When my husband came home, he was depressed, he had PTSD, and a TBI (which no one wanted to talk about because he never had an open wound, just concussions). I was depressed. We couldn’t communicate.

With a doctor’s help, I went back on my meds. I started feeling better. There was a light again. I convinced my husband to seek help. He was put on antidepressants too. He immediately hated them. He’ll claim PTSD and after much discussion, he understand he has a TBI, whether or not the VA will acknowledge it, but he refuses to admit that he’s depressed. He said the medication made him feel nothing. He went off them without discussing it with anyone.

I still take mine – I’m becoming more outspoken about mental health. I want it to be understood. I want to understand it. I don’t want people to suffer silently with it.

My mother takes her meds silently. My husband thinks they have made her dependent. That taking them makes a person weaker, unable to handle emotions, void of feeling.

I try to explain every chance I get. I think I need to have them adjusted again. I’m feeling more anxious, more out of control. I cry and feel like breaking down over the tiniest things. The world feels overwhelming again.
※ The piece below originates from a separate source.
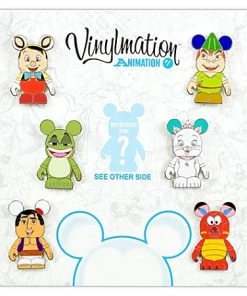 Disney Vinylmation Pin Set - Animation 1 - 7-Pc.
I tried to tell him about this last night, but he said it’s because I’m still taking my meds.

I was “okay” when I had to stop while I was pregnant.

He forgets how I cried and cried. He doesn’t know how I felt inside. He said postpartum depression is just a normal state – even though I wanted to kill myself. I hid knives in the bathroom, I started clawing and biting myself again. I’ve broken down sobbing in the middle of the kitchen floor.

I NEED to take my meds to be okay. I need to have them adjusted from time to time to make sure they keep working. I don’t want to want to die. I don’t want to hate myself. Antidepressants, anti-anxiety medication, anti-psychotics, etc. aren’t numbing us. They’re keeping us alive, just like medicine for any other condition is important and beneficial.

Never, never, NEVER let anyone tell you that your mental health is faked, isn’t important, is just a phase, or anything else. And please don’t let someone talk you out of taking or going on medication if you need it. It does work. I promise.

I’m here because of it. I plan to stay because of it.